### [Required action]
Return only the lines below starting at the line containing "Supernatural #2 Dynamite Entertainment" and ending at the line containing "Epi Soothe Shampoo", both included, exactly as they are and with no pictures.

^^^^^^^^

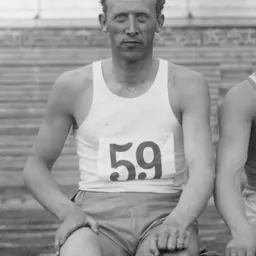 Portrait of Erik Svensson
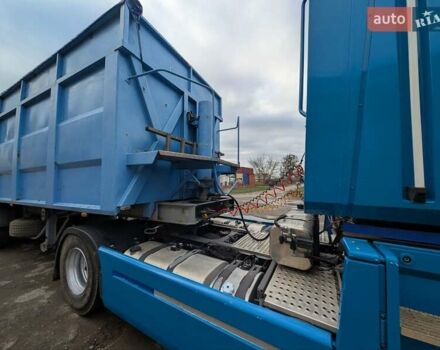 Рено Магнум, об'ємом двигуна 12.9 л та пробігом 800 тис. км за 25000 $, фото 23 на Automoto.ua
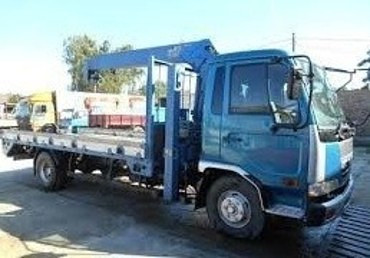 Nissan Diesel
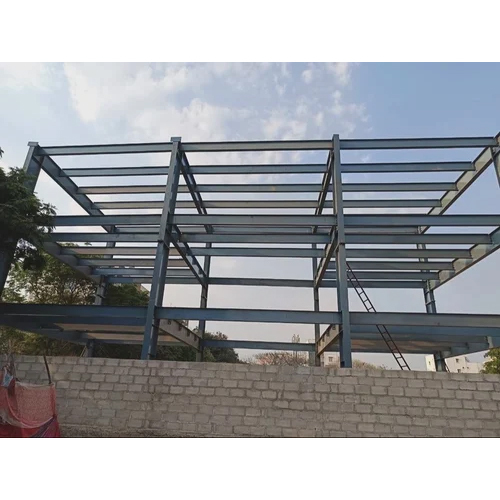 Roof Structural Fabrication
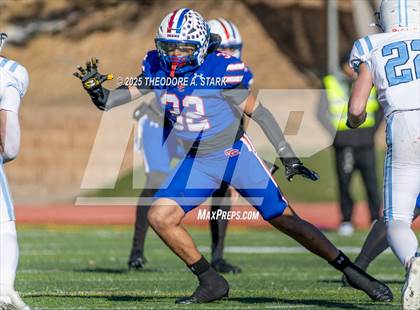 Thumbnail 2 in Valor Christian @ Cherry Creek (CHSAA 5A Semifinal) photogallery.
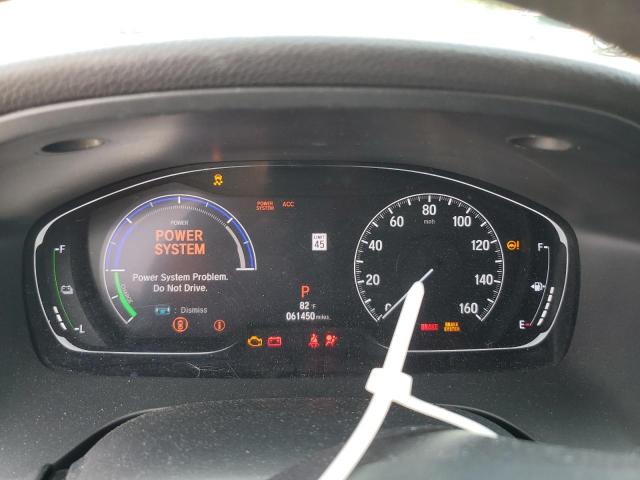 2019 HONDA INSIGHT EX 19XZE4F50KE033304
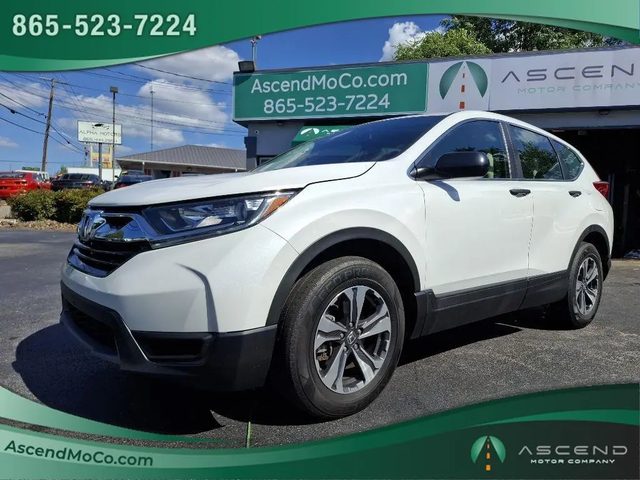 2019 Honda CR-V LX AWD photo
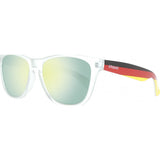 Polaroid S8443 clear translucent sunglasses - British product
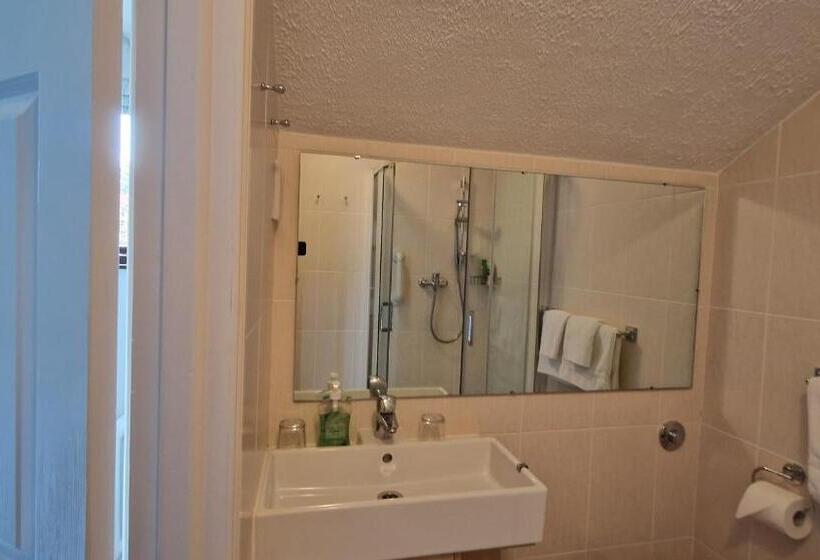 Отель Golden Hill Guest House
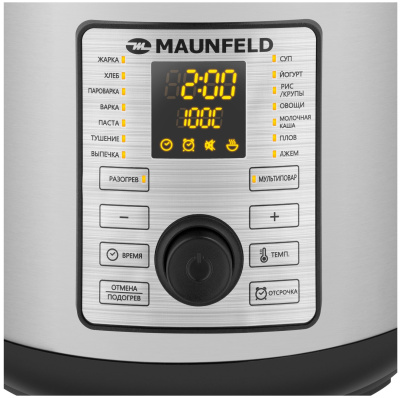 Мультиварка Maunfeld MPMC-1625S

^^^^^^^^

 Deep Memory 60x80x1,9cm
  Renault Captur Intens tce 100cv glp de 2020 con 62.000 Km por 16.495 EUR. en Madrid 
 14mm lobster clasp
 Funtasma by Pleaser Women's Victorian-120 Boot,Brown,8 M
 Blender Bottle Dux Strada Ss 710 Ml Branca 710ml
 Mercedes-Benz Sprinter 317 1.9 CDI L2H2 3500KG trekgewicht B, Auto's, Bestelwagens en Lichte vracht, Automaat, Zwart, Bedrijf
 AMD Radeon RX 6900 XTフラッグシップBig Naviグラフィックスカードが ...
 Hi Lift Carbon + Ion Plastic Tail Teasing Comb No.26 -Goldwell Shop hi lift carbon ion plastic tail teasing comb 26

^^^^^^^^

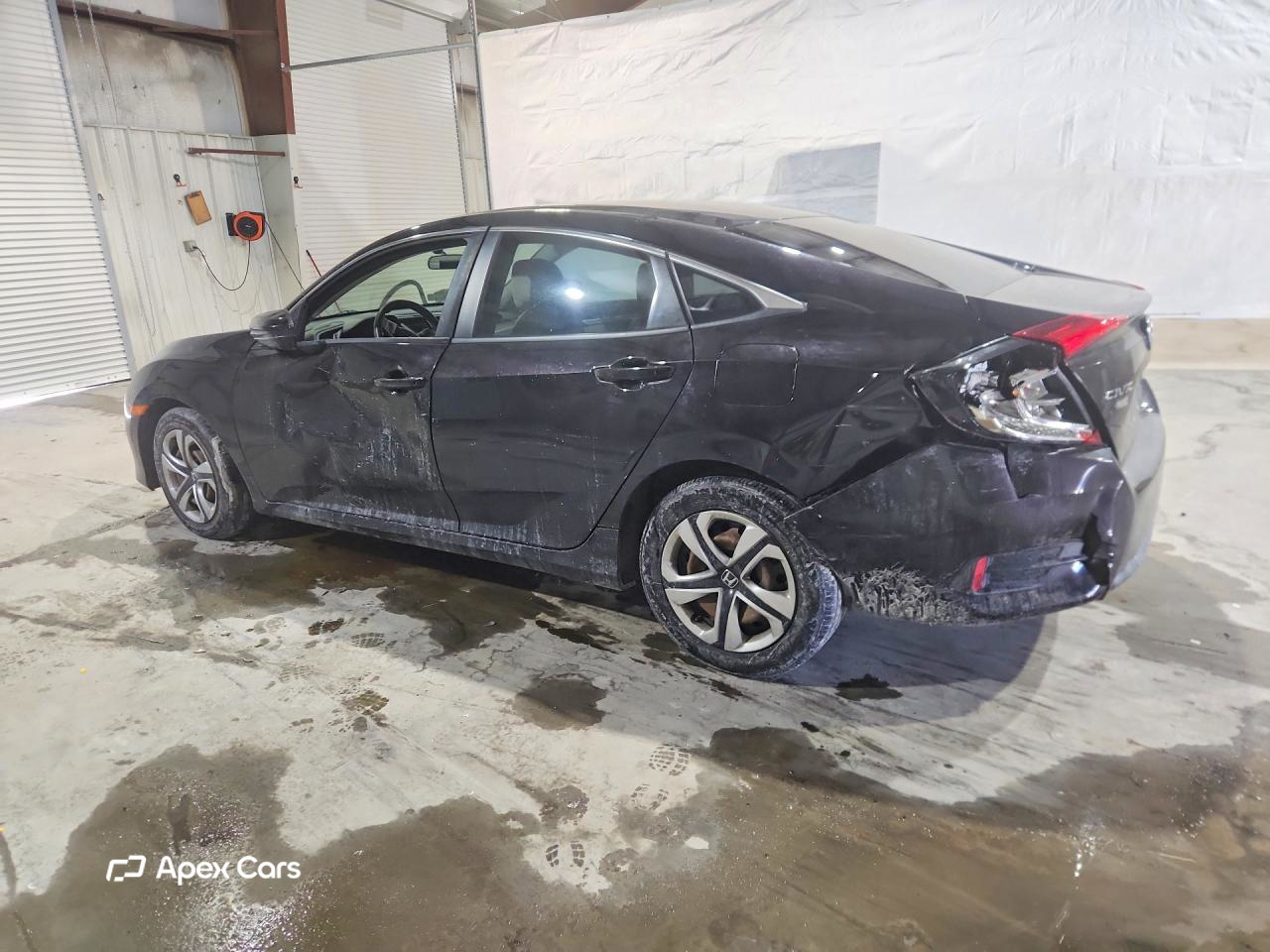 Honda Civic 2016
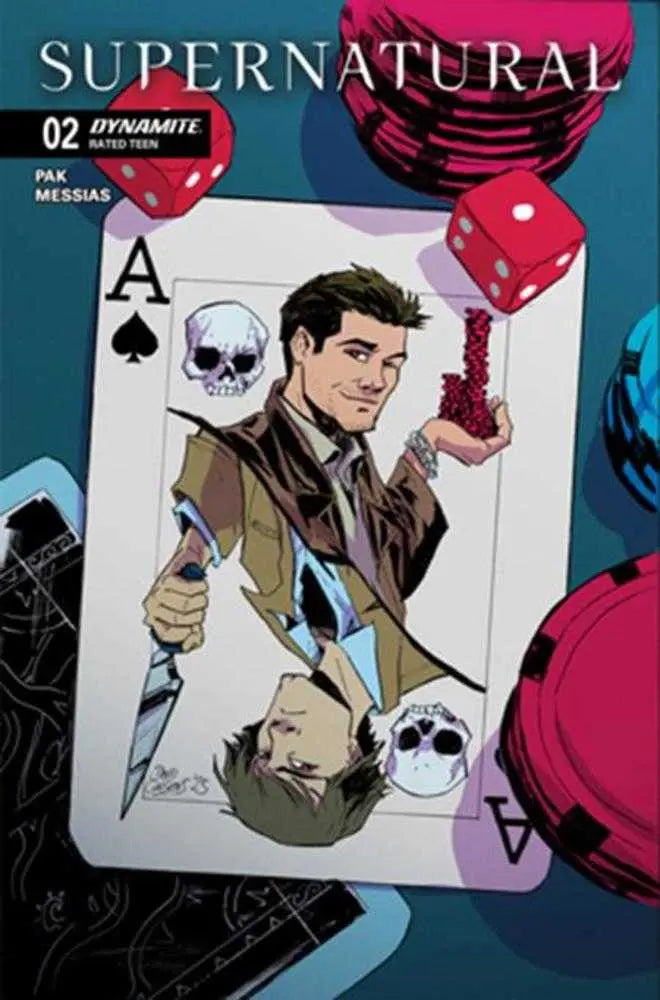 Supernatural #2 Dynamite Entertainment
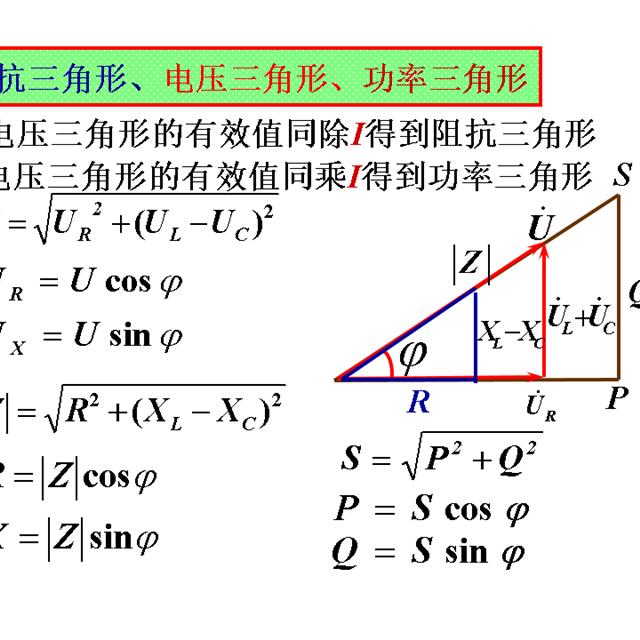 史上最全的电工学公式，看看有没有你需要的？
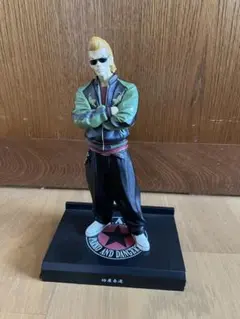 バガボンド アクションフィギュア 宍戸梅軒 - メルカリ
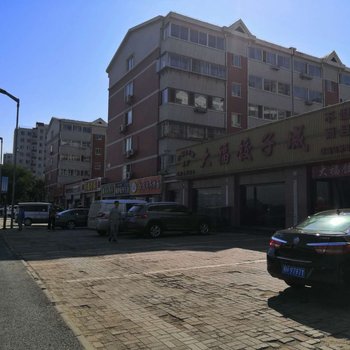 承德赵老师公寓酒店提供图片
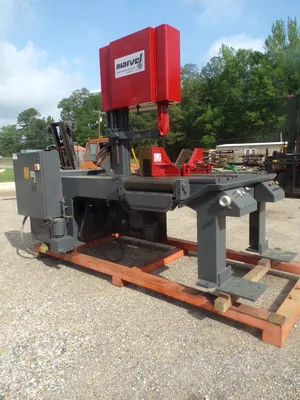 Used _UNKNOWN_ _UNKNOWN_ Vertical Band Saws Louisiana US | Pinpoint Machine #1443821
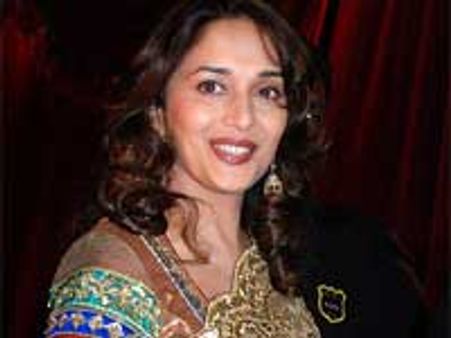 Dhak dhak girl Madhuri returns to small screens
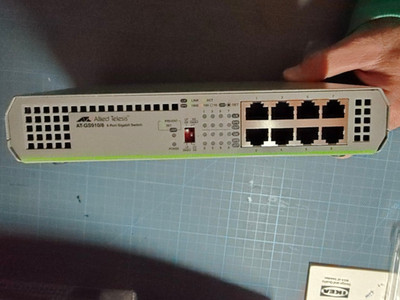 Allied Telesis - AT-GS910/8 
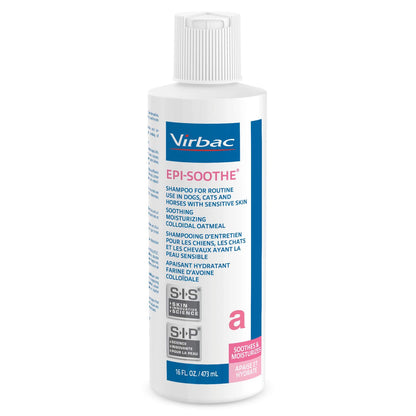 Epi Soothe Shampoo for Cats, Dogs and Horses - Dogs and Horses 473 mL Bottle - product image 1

^^^^^^^^

### [Response to this task]
 Supernatural #2 Dynamite Entertainment
 史上最全的电工学公式，看看有没有你需要的？
 バガボンド アクションフィギュア 宍戸梅軒 - メルカリ
 承德赵老师公寓酒店提供图片
 Used _UNKNOWN_ _UNKNOWN_ Vertical Band Saws Louisiana US | Pinpoint Machine #1443821
 Dhak dhak girl Madhuri returns to small screens
 Allied Telesis - AT-GS910/8 
 Epi Soothe Shampoo for Cats, Dogs and Horses - Dogs and Horses 473 mL Bottle - product image 1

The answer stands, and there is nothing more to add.